The two three-dimensional persons on whom the show rests, of course, are Nathan Lane and Matthew Broderick, both of whom come off better here than in any of their recent work. Broderick, less well-trained vocally, sounds strained in song, but his two comic personae—shy urban schnook and smug slyboots—combine in wonderful balance. Lane, working with stronger lungs and fiercer energy, has wisely picked up hints from Zero Mostel's film performance without trying to duplicate it: He varies his Mostel moments with a pathos and fervor all his own, and a fastidious grandeur that suggests, of all people, Jackie Gleason.
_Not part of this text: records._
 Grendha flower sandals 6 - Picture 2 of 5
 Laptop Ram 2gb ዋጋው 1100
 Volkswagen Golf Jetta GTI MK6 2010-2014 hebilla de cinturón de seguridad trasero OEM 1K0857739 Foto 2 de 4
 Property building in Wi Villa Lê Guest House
His climactic solo, a sort of retrograde "Rose's Turn" in which he does a tab version of the entire show in under five minutes, should be preserved on tape immediately; it's one of the musical theater's historic moments. The rest of The Producers' box office stampede can be attributed either to New Yorkers' relief at having a musical to laugh at again, or to Americans' willingness to believe that Hitler was a swishy song-and-dance man whose middle name was Elizabeth.
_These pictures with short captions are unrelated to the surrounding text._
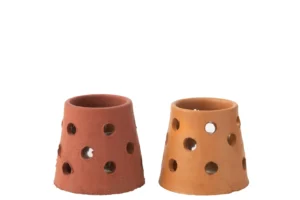 Set van 2 Theelichthouder Gaia Smal kandelaars van roodbruine klei, elk met een conische vorm en ronde gaten aan de zijkant, naast elkaar op een witte achtergrond.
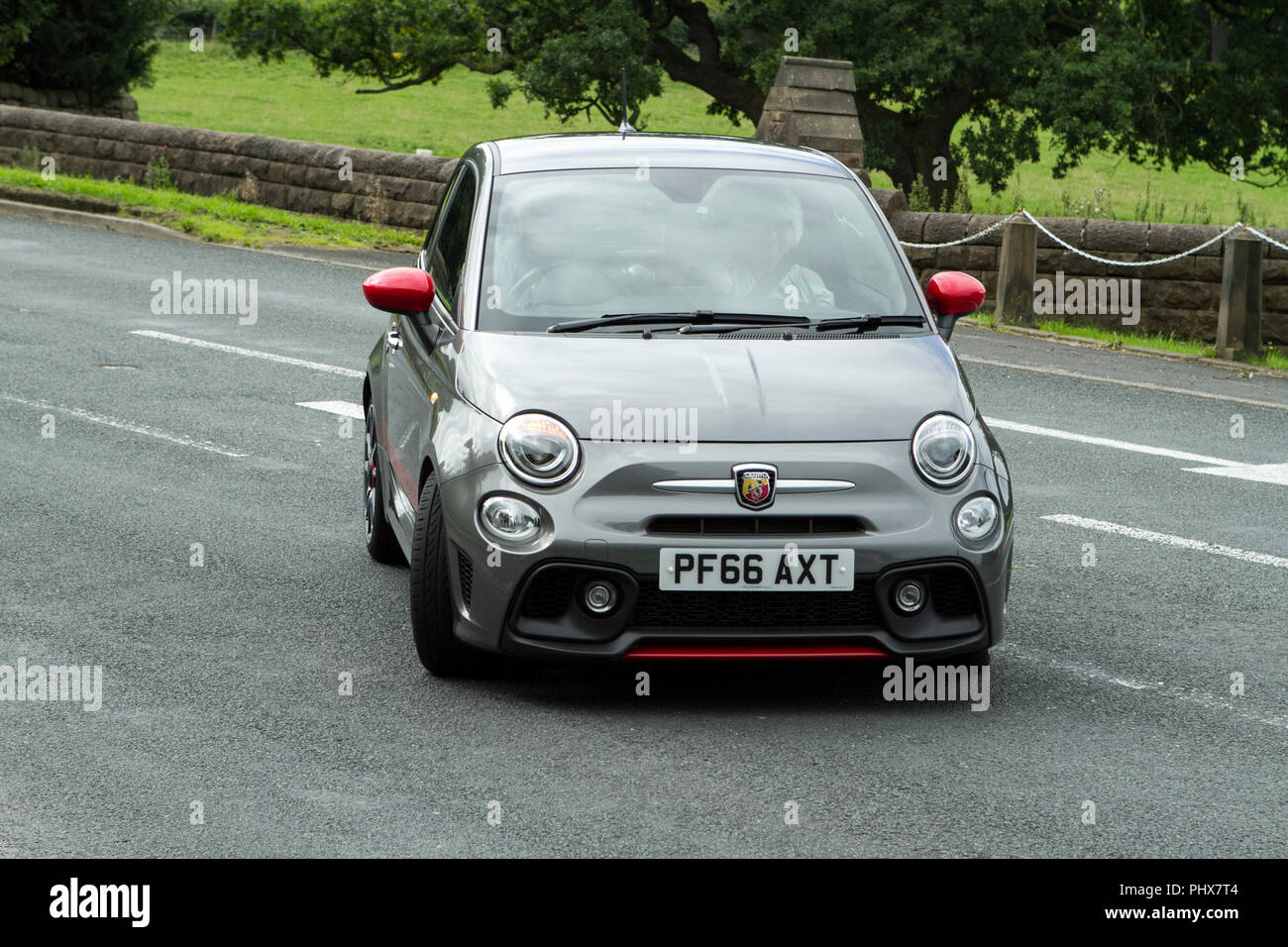 2016 Fiat Abarth 595 Turismo a Hoghton Tower classico annuale vintage auto da rally, REGNO UNITO Foto Stock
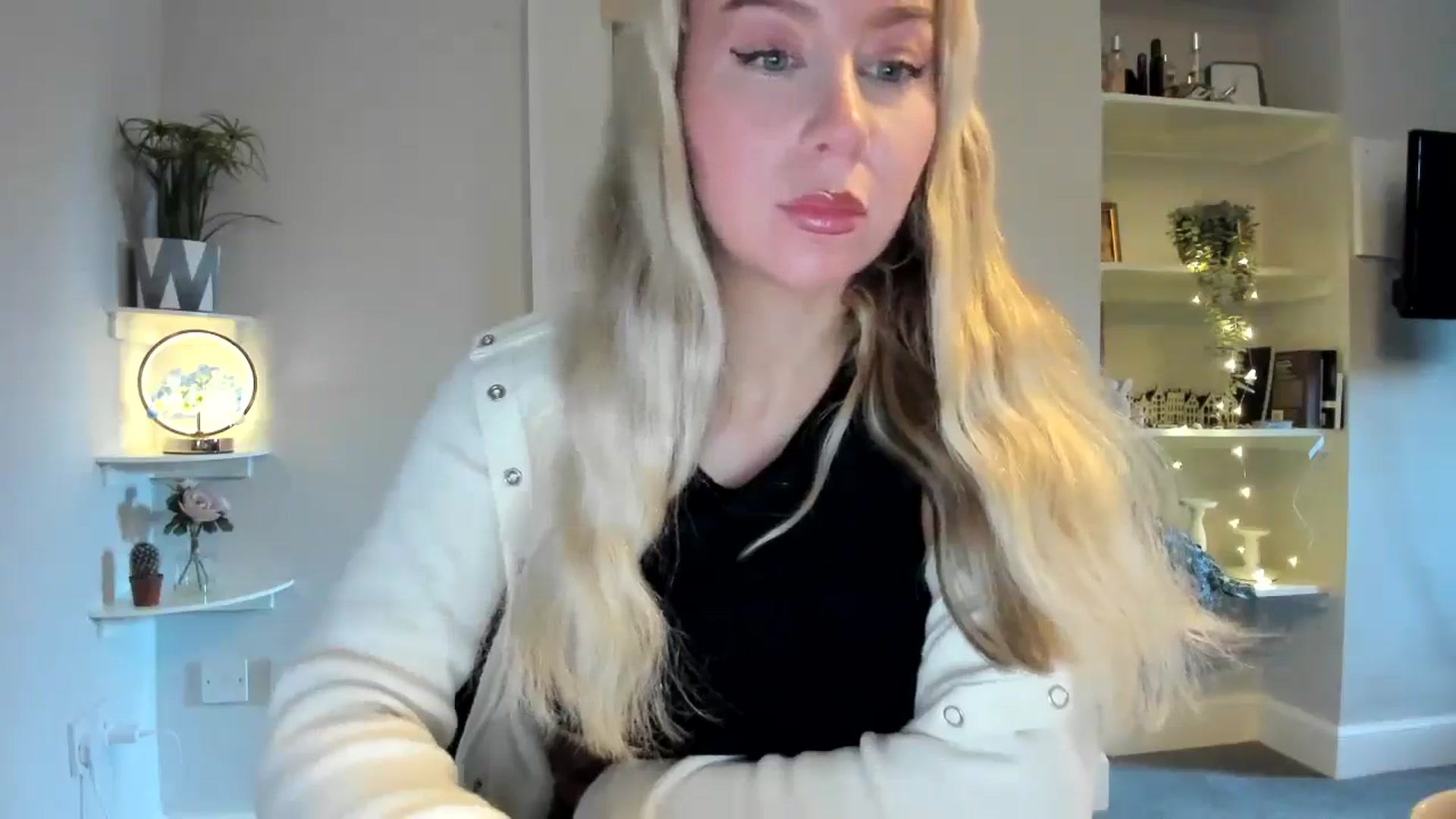 Gallery image thumbnail from Bday_Ava's myfreecams stream on, 01/16/2026, 13:39 image 17 of 20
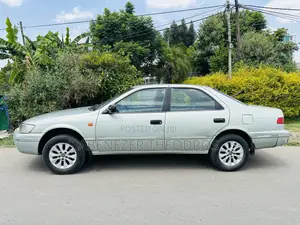 Toyota Camry 2001 Gray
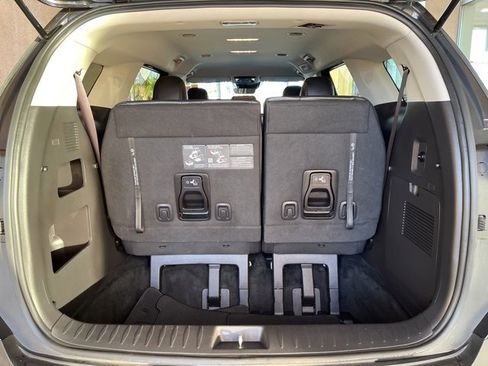 Used 2025 Kia Carnival image 24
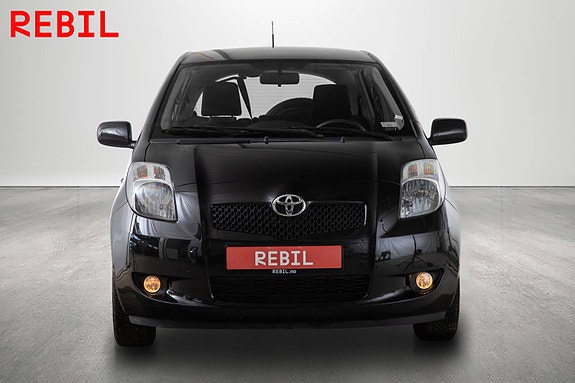 Toyota Yaris 3 of 19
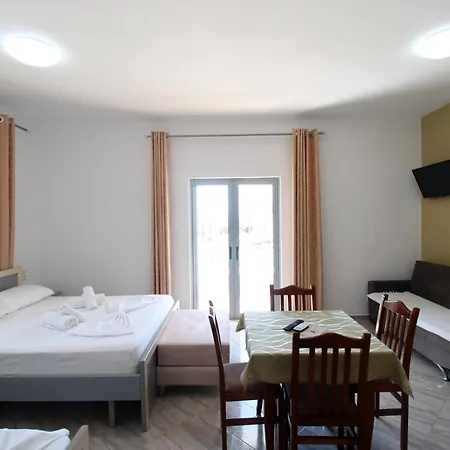 Affittacamere Kapo Pool&bar 3*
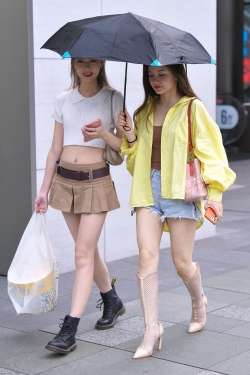 热裤短裙闺蜜 21-08-24-52P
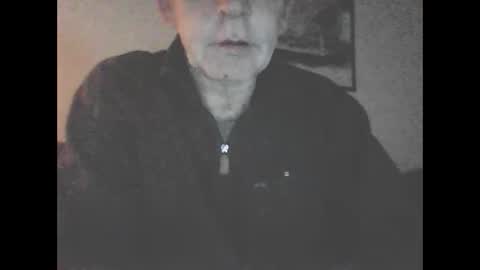 Snapshot of icemandude chatting on 11/15/25, 01:18 icemandude online show from 11/15/25, 01:18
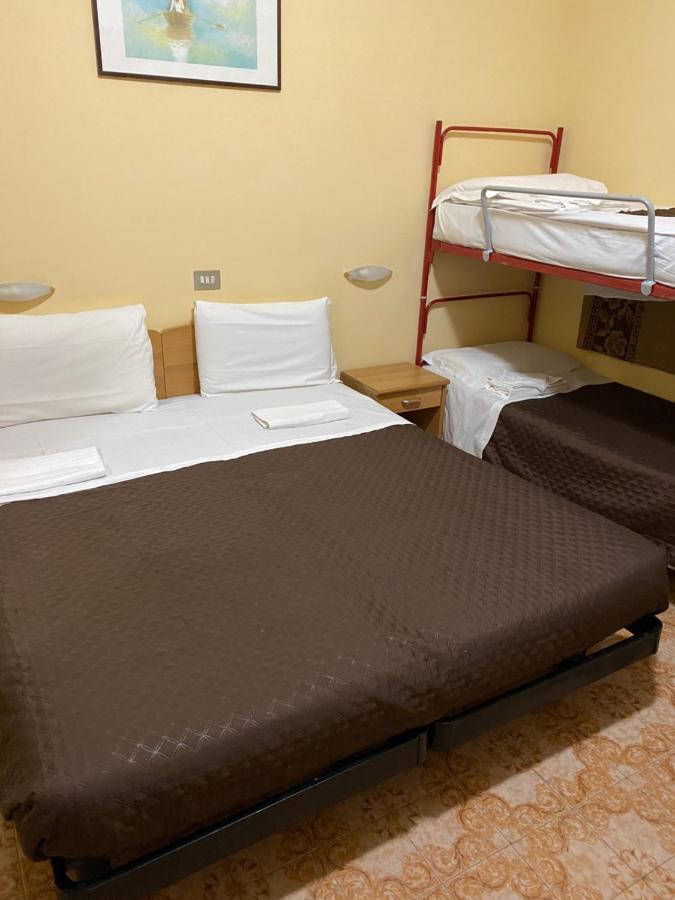 Hotel Attico 基安奇安诺泰尔梅 外观 照片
Elizabeth's own theatrical shtickmeister, Shakespeare, also tried ridiculing a showbiz war myth once, in his famous flop Troilus and Cressida. Readers have learned over the centuries since to relish his joke—considerably nastier than Brooks's—but theatergoers still find it a dry crust to swallow. Peter Hall, directing Theatre for a New Audience's production, doesn't make it easier with a deadpan, text-centered approach that sorts out the bits to see what they'll add up to, rather than building an overall interpretation. This may be preferable to setting the show in a supermarket or making it Nestor's wet dream, just as Sir Peter is preferable to idiots like Graham Vick or Peter Sellars, but it doesn't illuminate a work that's thorny and elliptical to start with. Martin Pakledinaz's costumes, mixing bits of armor with casual slacks and turtlenecks, make the show's strongest specific statement, and some of the performances emerge with sharp lucidity: Andrew Weems's gravelly Thersites, David Conrad's tautly dignified Hector, and most of all Tricia Paoluccio's Cressida. Though paired with an actively embarrassing partner, Paoluccio is vulnerable, forthright, and touching, her clear-spoken lines seeming to come straight from the character's perplexed, defensive heart.
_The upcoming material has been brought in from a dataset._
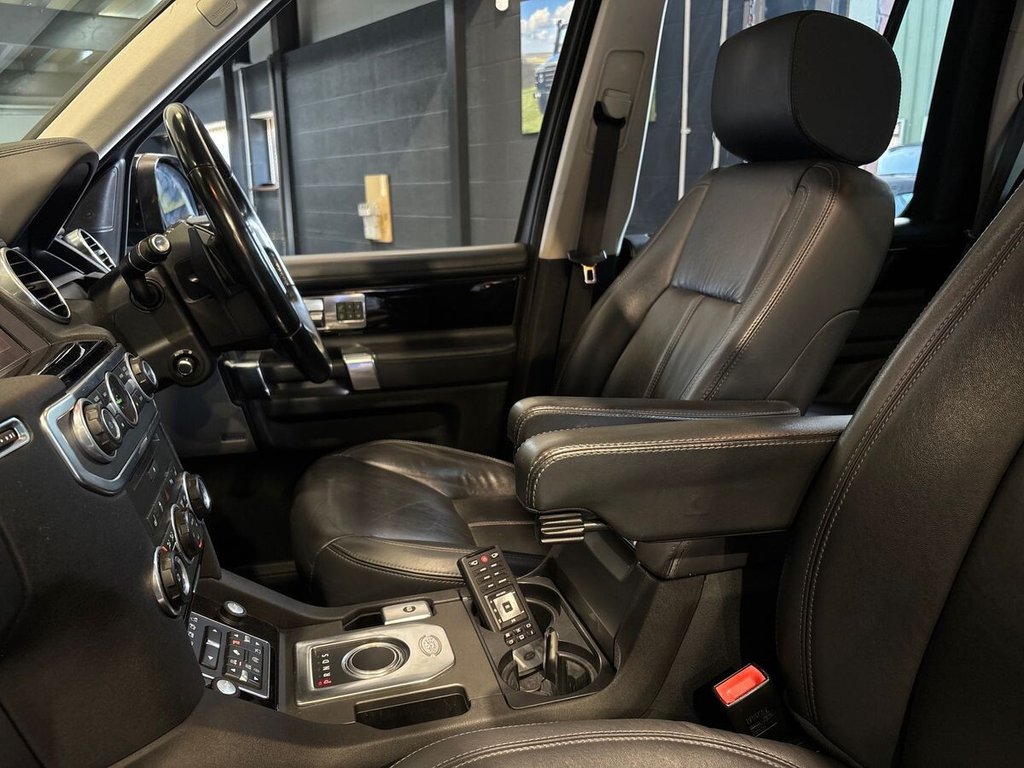 USED 2016 66 LAND ROVER DISCOVERY 4 3.0 SD V6 Landmark SUV 5dr Diesel Auto 4WD Euro 6 (s/s) (256 bhp) FULL LAND ROVER HIST | TOW BAR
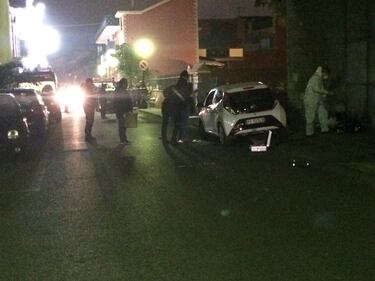 Killer in azione nel Napoletano: uccidono un 34enne e la madre  4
Matthew Broderick and Nathan Lane in The Producers: Kitschland über alles
photo: Paul Kolnik
Matthew Broderick and Nathan Lane in The Producers: Kitschland über alles


The Producers
By Mel Brooks and Thomas Meehan
St. James Theatre
Broadway and 44th Street

Troilus and Cressida
By William Shakespeare
American Place Theatre
111 West 46th Street

The Gathering
By Arje Shaw
Cort Theatre
Broadway and 48th Street

World War II makes a tiresome excuse for an onstage family war in The Gathering, another in the long line of Jewish American plays about an oy and his father. In this one, dad's a Holocaust survivor, son's a Reagan speechwriter, and, yes, it's off to Bitburg, where a humane, dignified, Bundeswehr soldier almost succeeds in explaining history and morality to the bickering Jews, proving that Germany at least won the education wars. Under Rebecca Taylor's direction, the actors—especially Deirdre Lovejoy, Sam Guncler, and Coleman Zeigen—aren't nearly bad enough for this shrill, muddleheaded script. Playing past it in juicily hammy, relentlessly grandstanding style, Hal Linden, in the lead, seems to be auditioning to replace Nathan Lane as Bialystock, and I don't blame him in the least. If every Jewish play were like this, I'd become a Lutheran.